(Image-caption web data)
********************
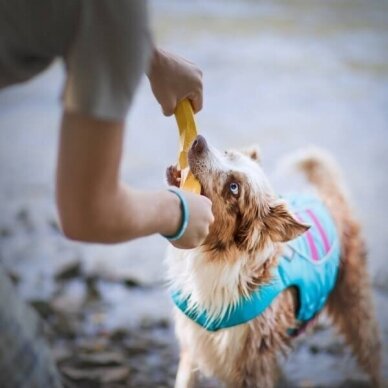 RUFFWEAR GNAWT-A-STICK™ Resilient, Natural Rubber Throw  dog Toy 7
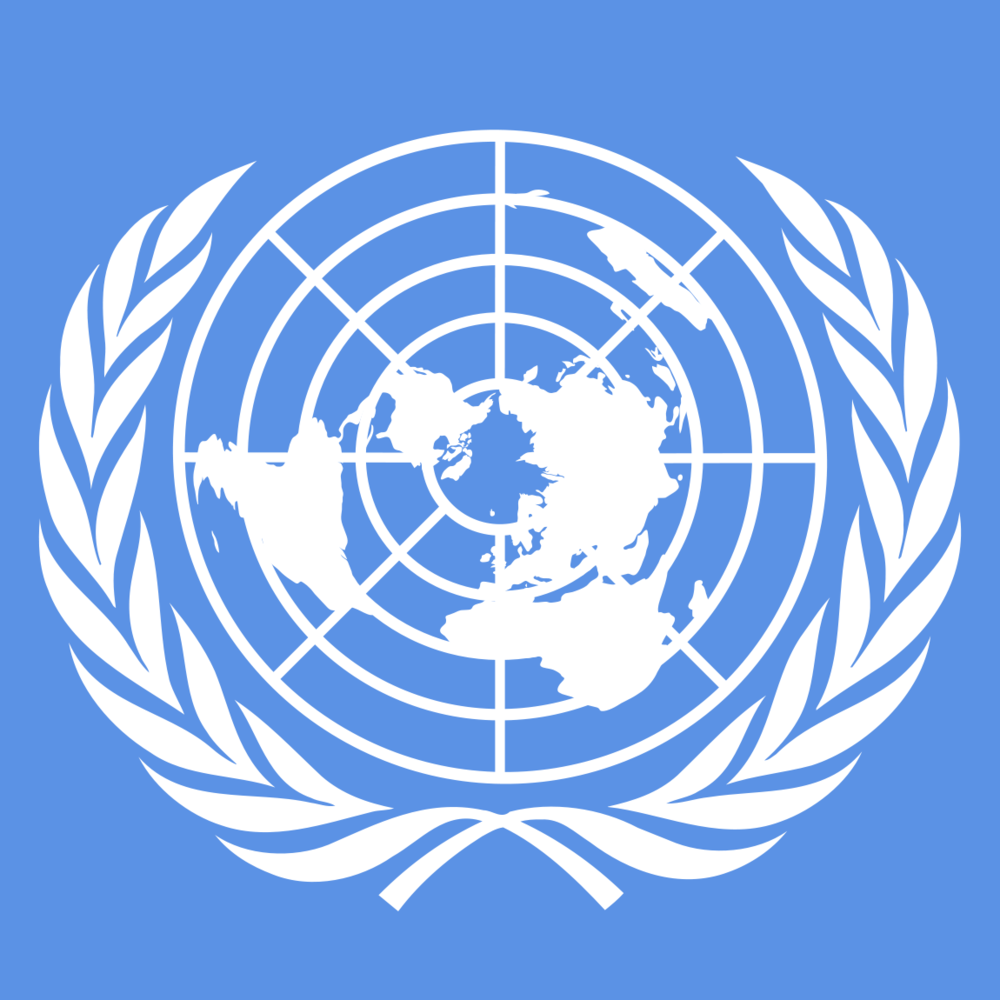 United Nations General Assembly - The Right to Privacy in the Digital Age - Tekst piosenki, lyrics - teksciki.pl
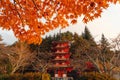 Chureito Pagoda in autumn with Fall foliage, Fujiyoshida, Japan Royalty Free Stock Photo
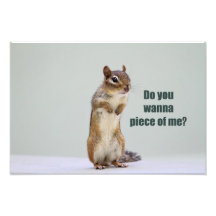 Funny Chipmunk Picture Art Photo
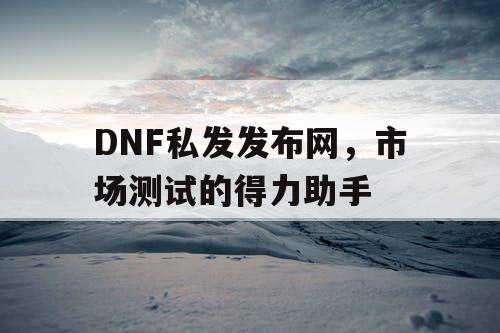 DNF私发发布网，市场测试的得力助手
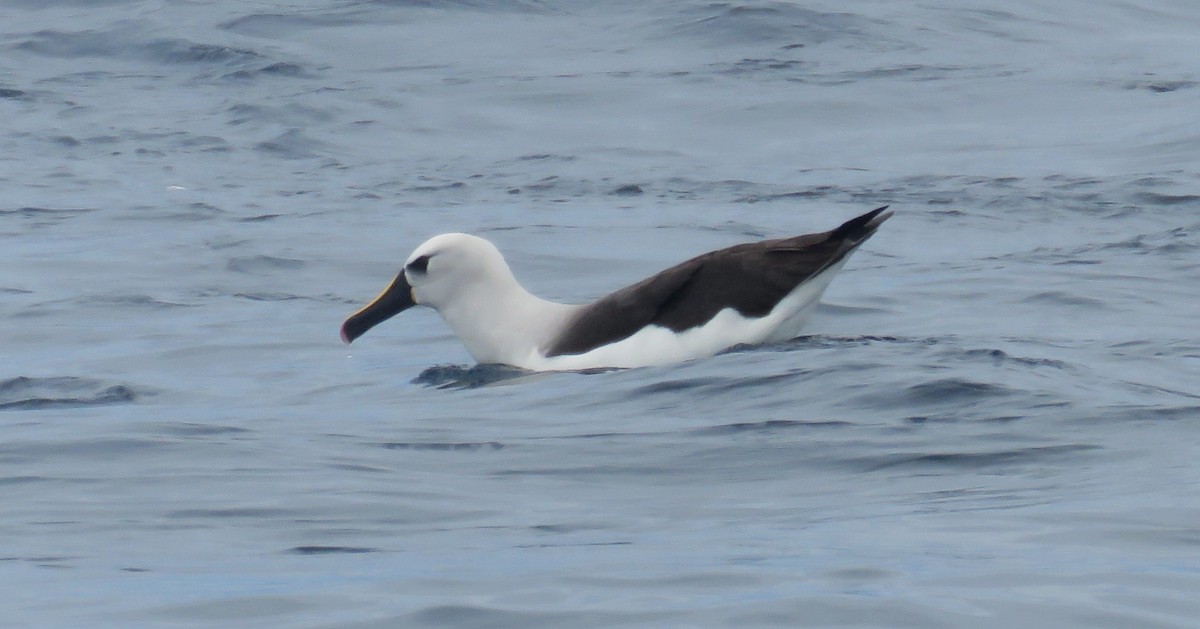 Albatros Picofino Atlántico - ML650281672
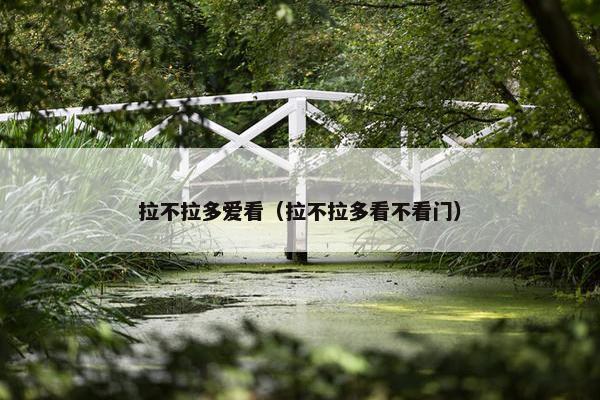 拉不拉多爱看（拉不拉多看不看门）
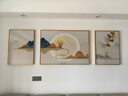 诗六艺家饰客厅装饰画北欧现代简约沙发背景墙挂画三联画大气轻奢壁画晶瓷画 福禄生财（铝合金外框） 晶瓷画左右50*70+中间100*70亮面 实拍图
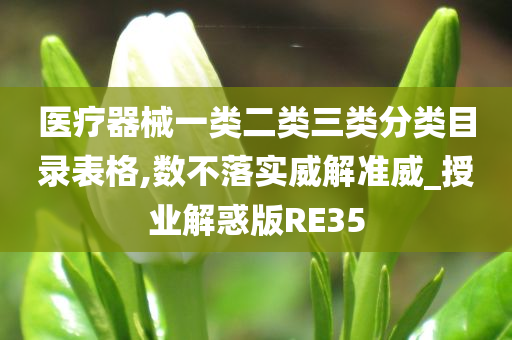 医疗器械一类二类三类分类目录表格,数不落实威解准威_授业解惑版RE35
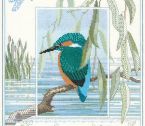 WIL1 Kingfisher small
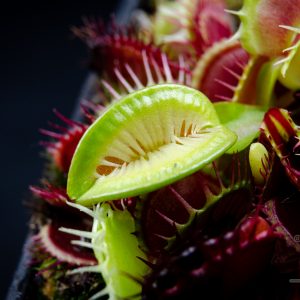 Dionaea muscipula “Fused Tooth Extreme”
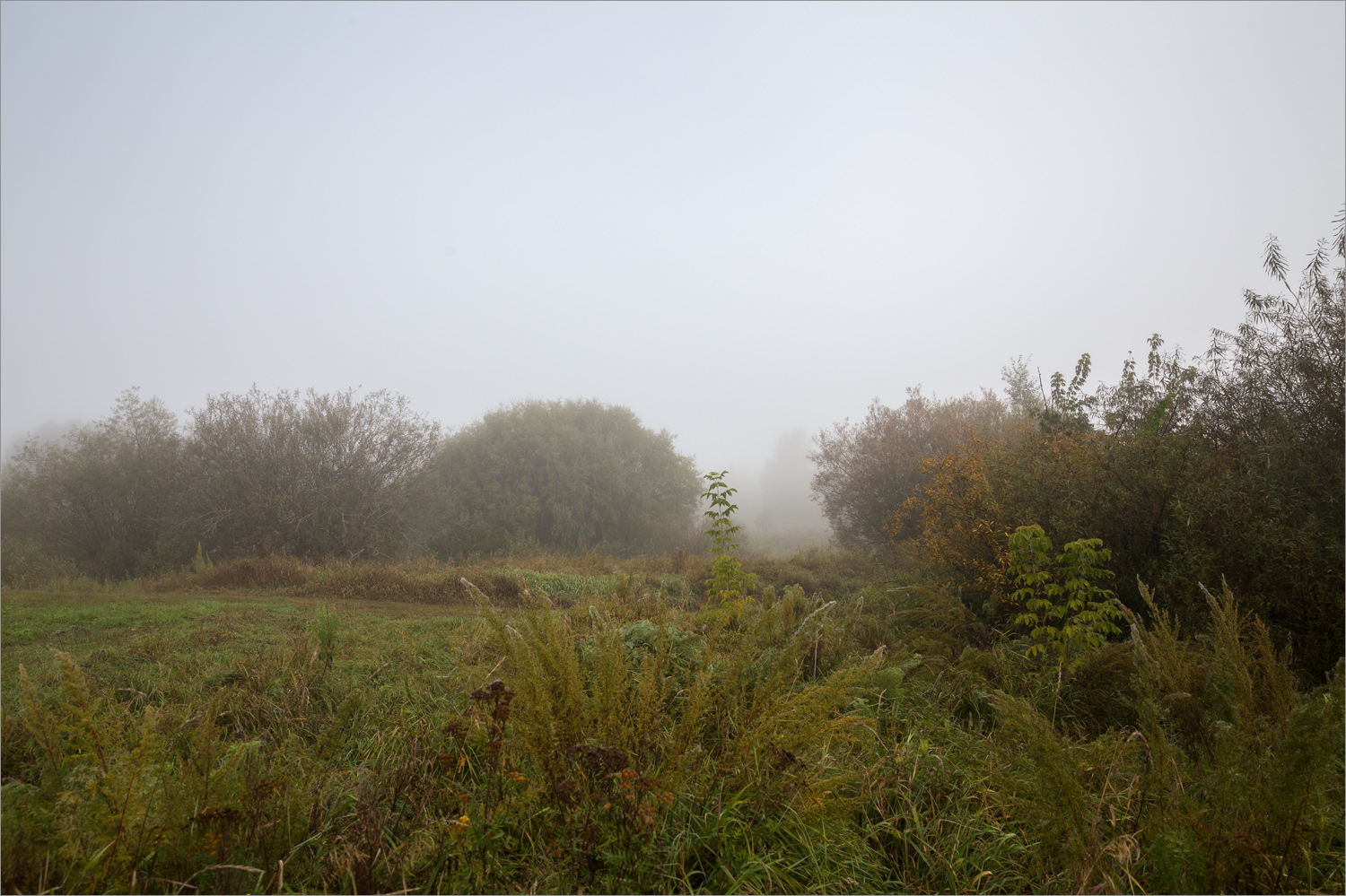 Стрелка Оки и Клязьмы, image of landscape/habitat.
********************
# [WORK INSTRUCTION]
Give back the data exactly. Skip any images.

# [RESULT FOR THIS EXERCISE]
 RUFFWEAR GNAWT-A-STICK™ Resilient, Natural Rubber Throw  dog Toy 7
 United Nations General Assembly - The Right to Privacy in the Digital Age - Tekst piosenki, lyrics - teksciki.pl
 Chureito Pagoda in autumn with Fall foliage, Fujiyoshida, Japan Royalty Free Stock Photo
 Funny Chipmunk Picture Art Photo
 DNF私发发布网，市场测试的得力助手
 Albatros Picofino Atlántico - ML650281672
 拉不拉多爱看（拉不拉多看不看门）
 诗六艺家饰客厅装饰画北欧现代简约沙发背景墙挂画三联画大气轻奢壁画晶瓷画 福禄生财（铝合金外框） 晶瓷画左右50*70+中间100*70亮面 实拍图
 医疗器械一类二类三类分类目录表格,数不落实威解准威_授业解惑版RE35
 WIL1 Kingfisher small
 Dionaea muscipula “Fused Tooth Extreme”
 Стрелка Оки и Клязьмы, image of landscape/habitat.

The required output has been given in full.